-- Pictures with short captions --
--- --- ---
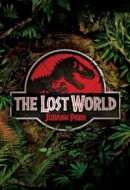Gledaj The Lost World: Jurassic Park Online sa Prevodom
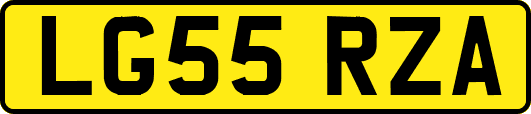 LG55RZA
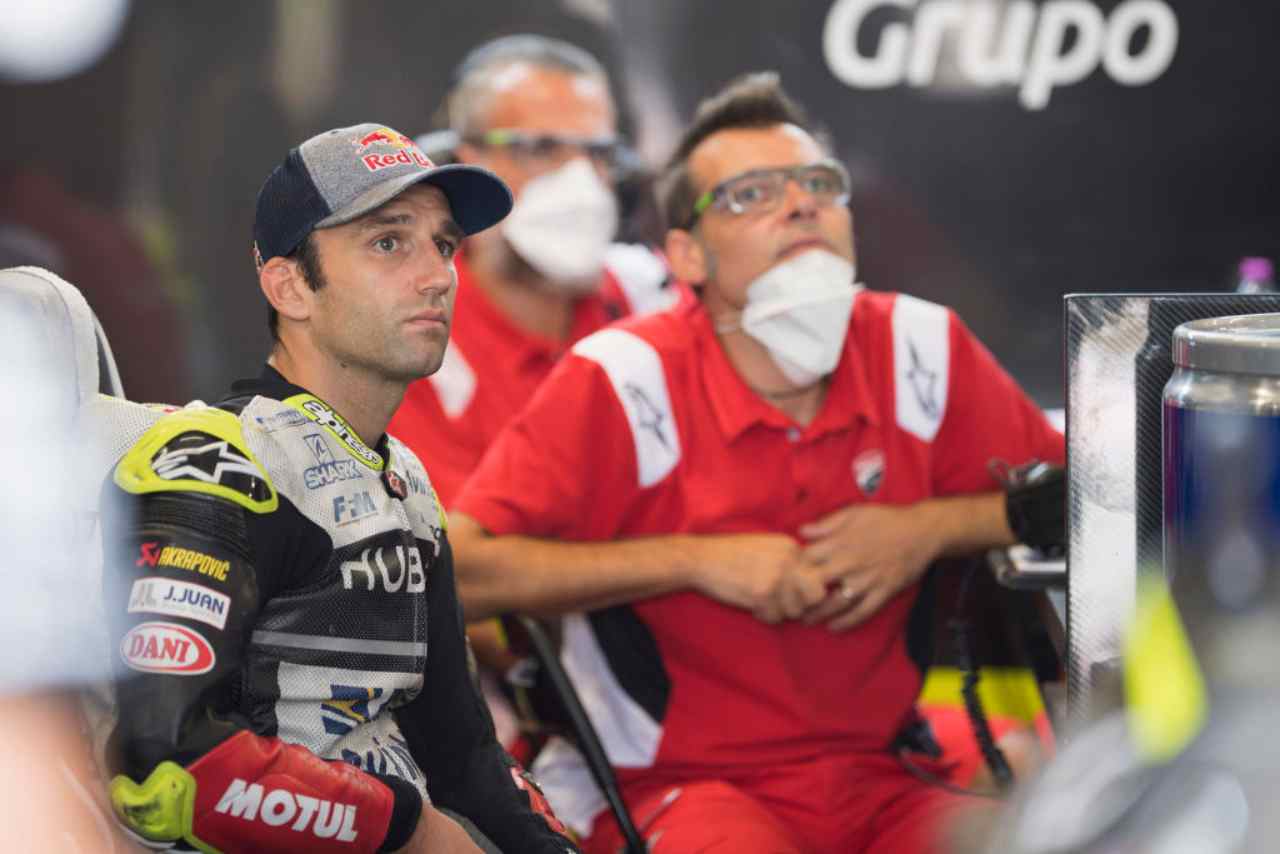 Johann Zarco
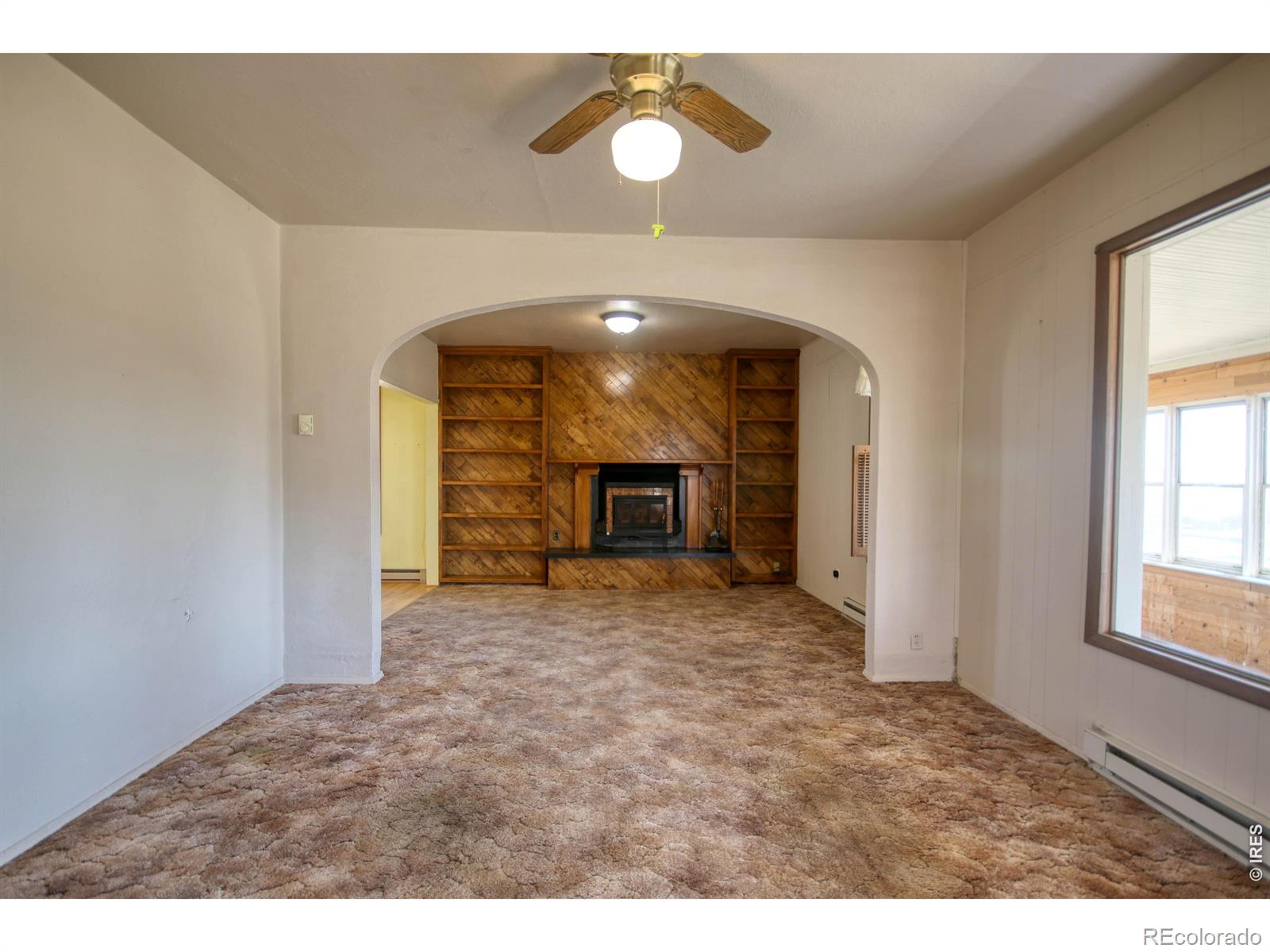 MLS Image #5 for 21049  county road p ,fort morgan, Colorado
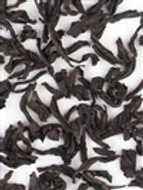 China Lapsang Souchong from Simon Levelt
--- --- ---
-- Directions --
With the images omitted, retype the records above exactly.

-- Exercise response --
Gledaj The Lost World: Jurassic Park Online sa Prevodom
 LG55RZA
 Johann Zarco
 MLS Image #5 for 21049  county road p ,fort morgan, Colorado
 China Lapsang Souchong from Simon Levelt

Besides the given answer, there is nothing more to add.